What Happened to the Employer?

Mr. Ogordi was a member of the International Guards Union of America, Local 154, and his employment with Elite was subject to a CBA, including a provision in Article 1 that provided Elite's management with the right to discharge, discipline, or suspend employees "for just cause." See id. at *1-*3. Following his termination, and as a result of the CBA limit imposed by Article 1 on Elite's right to terminate union employees, Mr. Ogordi filed a grievance through the union, alleging that his termination was without just cause. Id. at *4. An arbitrator agreed with the union, finding that Elite had failed to show that it had just cause to terminate Mr. Ogordi. In particular, the arbitrator "expounded upon the 'procedural irregularities' that denied Mr.

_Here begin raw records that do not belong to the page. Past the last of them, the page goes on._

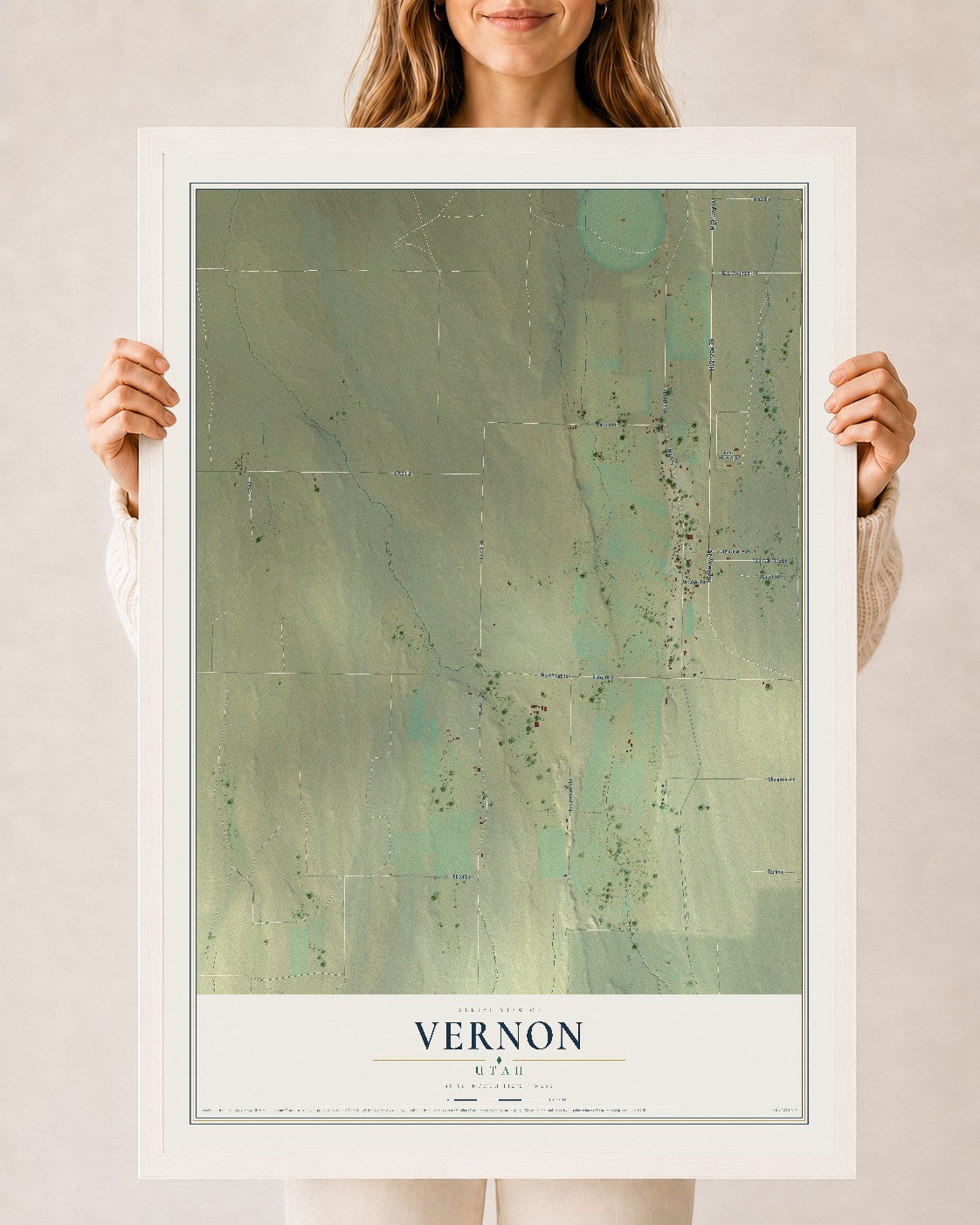 Map of Vernon, Utah, 24 x 36 inch print in a white wood frame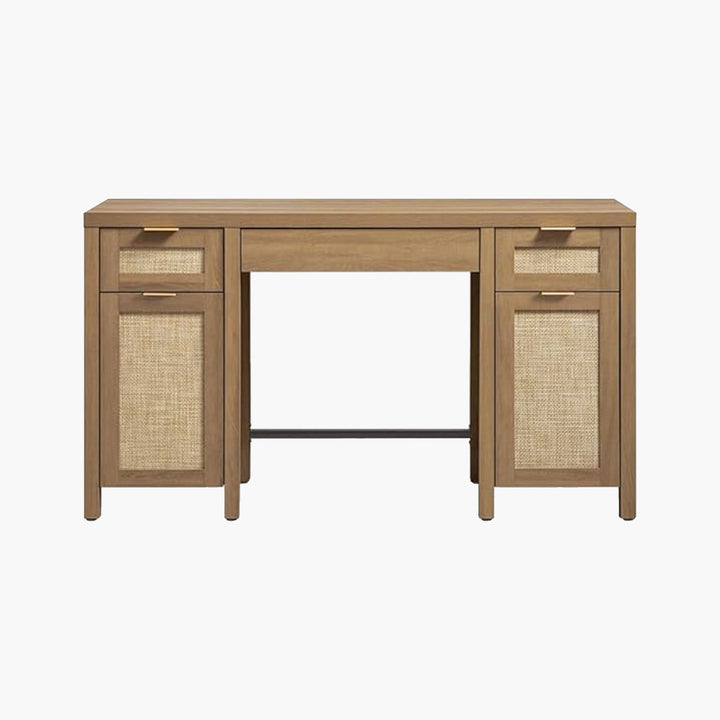 Savanna Rattan Vanity Table with Doors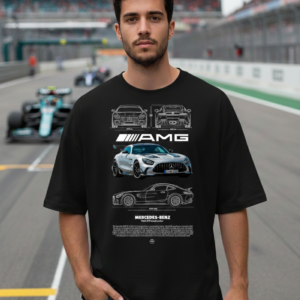 AMG GTR Black Series Oversized Unisex Graphic T Shirt with blueprint car design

Ogordi his due process rights under the CBA." Id. at *4-*5.

In summary, the arbitrator made the following determinations regarding Elite's internal investigation:

  • There was no evidence that Mr. Ogordi knowingly falsified the certification, despite his admission that he did not attend training on the dates listed;
  • There was reason to believe that Mr. Ogordi's signature on the training certification form had been forged by the deceased manager, and Elite's investigation into this issue was "inadequate";
  • Elite's interview with Mr. Ogordi was "devoid of the fundamental due process protections to which Mr. Ogordi was entitled under the just cause provision of the CBA" because Mr. Ogordi was not notified in advance that the purpose of the meeting was investigative and that disciplinary charges could result;
  • Elite conducted an "inadequate investigation," overlooking the role other individuals may have played and relying heavily on the interview conducted by outside counsel in which Mr. Ogordi "purportedly gave 'inconsistent explanations'";
  • An investigator's claim that Mr. Ogordi had admitted "Oh, that's my signature" during an interview could not be credited because it was "uncorroborated," and the arbitrator credited instead Mr. Ogordi's "consistent denials that his signature appeared on the Certification";
  • Elite "[p]lac[ed] the onus on Ogordi to recall a refresher training that would have occurred two years earlier, without" a fair "opportunity" to "present his 'side of the story'";
  • Elite's failure to call its outside counsel who attended the interview with Mr. Ogordi as a witness merited application of an adverse inference against Elite regarding what occurred during the interview; and
  • Elite should not have relied on the "circumstantial evidence" of other guards at the location where Mr. Ogordi worked having submitted false certifications to terminate Mr. Ogordi.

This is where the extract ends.